_ABOUT THIS TASK_
Look through the entries for the line containing "this 1024×654 image.". Then output that line and every line after it, exactly, to the end.

BEGIN DATA RECORDS

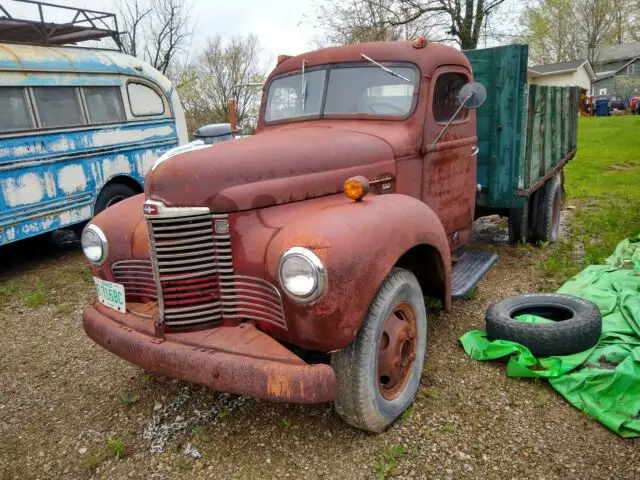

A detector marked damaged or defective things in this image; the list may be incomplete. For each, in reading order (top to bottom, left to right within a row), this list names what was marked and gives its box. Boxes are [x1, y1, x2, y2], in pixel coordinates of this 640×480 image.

peeling blue bus [1, 42, 188, 246]
rusted vintage truck [81, 40, 580, 432]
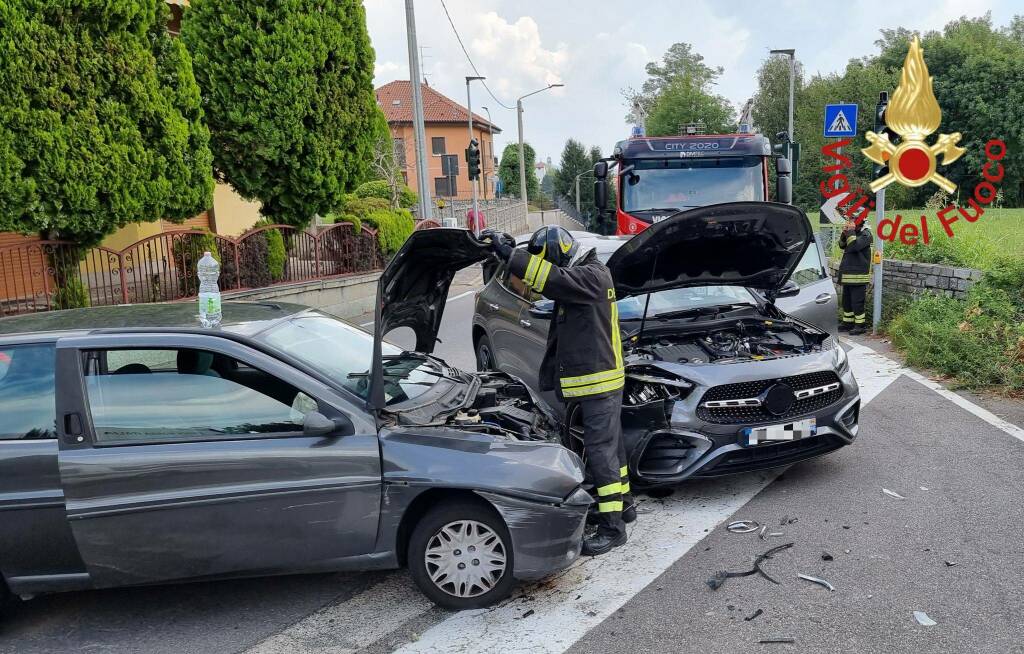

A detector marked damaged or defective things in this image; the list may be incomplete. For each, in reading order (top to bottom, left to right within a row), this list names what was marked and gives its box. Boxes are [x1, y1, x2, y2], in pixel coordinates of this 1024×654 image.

crumpled car hood [602, 202, 811, 298]
damaged grey car [475, 202, 860, 489]
damaged grey car [0, 264, 589, 614]
broken plastic piece [729, 519, 761, 536]
broken plastic piece [794, 573, 835, 593]
broken plastic piece [917, 609, 937, 626]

END DATA RECORDS

_RESULT OF THIS EXERCISE_
A detector marked damaged or defective things in this image; the list may be incomplete. For each, in reading order (top to bottom, left to right within a row), this list names what was marked and gives its box. Boxes are [x1, y1, x2, y2], in pixel coordinates of this 1024×654 image.

crumpled car hood [602, 202, 811, 298]
damaged grey car [475, 202, 860, 489]
damaged grey car [0, 264, 589, 614]
broken plastic piece [729, 519, 761, 536]
broken plastic piece [794, 573, 835, 593]
broken plastic piece [917, 609, 937, 626]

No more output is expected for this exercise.